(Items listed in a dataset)
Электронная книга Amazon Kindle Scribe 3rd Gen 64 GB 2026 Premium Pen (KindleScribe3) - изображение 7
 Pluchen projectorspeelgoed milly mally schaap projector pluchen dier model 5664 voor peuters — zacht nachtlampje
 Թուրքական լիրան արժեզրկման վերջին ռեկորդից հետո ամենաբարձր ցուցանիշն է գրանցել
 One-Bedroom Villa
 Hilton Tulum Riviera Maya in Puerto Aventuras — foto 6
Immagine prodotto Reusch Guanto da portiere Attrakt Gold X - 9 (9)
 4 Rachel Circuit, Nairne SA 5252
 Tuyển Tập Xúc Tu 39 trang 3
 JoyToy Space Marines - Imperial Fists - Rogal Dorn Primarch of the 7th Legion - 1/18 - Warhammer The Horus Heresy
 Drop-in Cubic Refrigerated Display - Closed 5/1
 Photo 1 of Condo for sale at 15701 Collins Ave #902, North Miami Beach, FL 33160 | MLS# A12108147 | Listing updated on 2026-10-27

Activity: The records above are to be repeated in full, word for word.

Answer section:
Электронная книга Amazon Kindle Scribe 3rd Gen 64 GB 2026 Premium Pen (KindleScribe3) - изображение 7
 Pluchen projectorspeelgoed milly mally schaap projector pluchen dier model 5664 voor peuters — zacht nachtlampje
 Թուրքական լիրան արժեզրկման վերջին ռեկորդից հետո ամենաբարձր ցուցանիշն է գրանցել
 One-Bedroom Villa
 Hilton Tulum Riviera Maya in Puerto Aventuras — foto 6
Immagine prodotto Reusch Guanto da portiere Attrakt Gold X - 9 (9)
 4 Rachel Circuit, Nairne SA 5252
 Tuyển Tập Xúc Tu 39 trang 3
 JoyToy Space Marines - Imperial Fists - Rogal Dorn Primarch of the 7th Legion - 1/18 - Warhammer The Horus Heresy
 Drop-in Cubic Refrigerated Display - Closed 5/1
 Photo 1 of Condo for sale at 15701 Collins Ave #902, North Miami Beach, FL 33160 | MLS# A12108147 | Listing updated on 2026-10-27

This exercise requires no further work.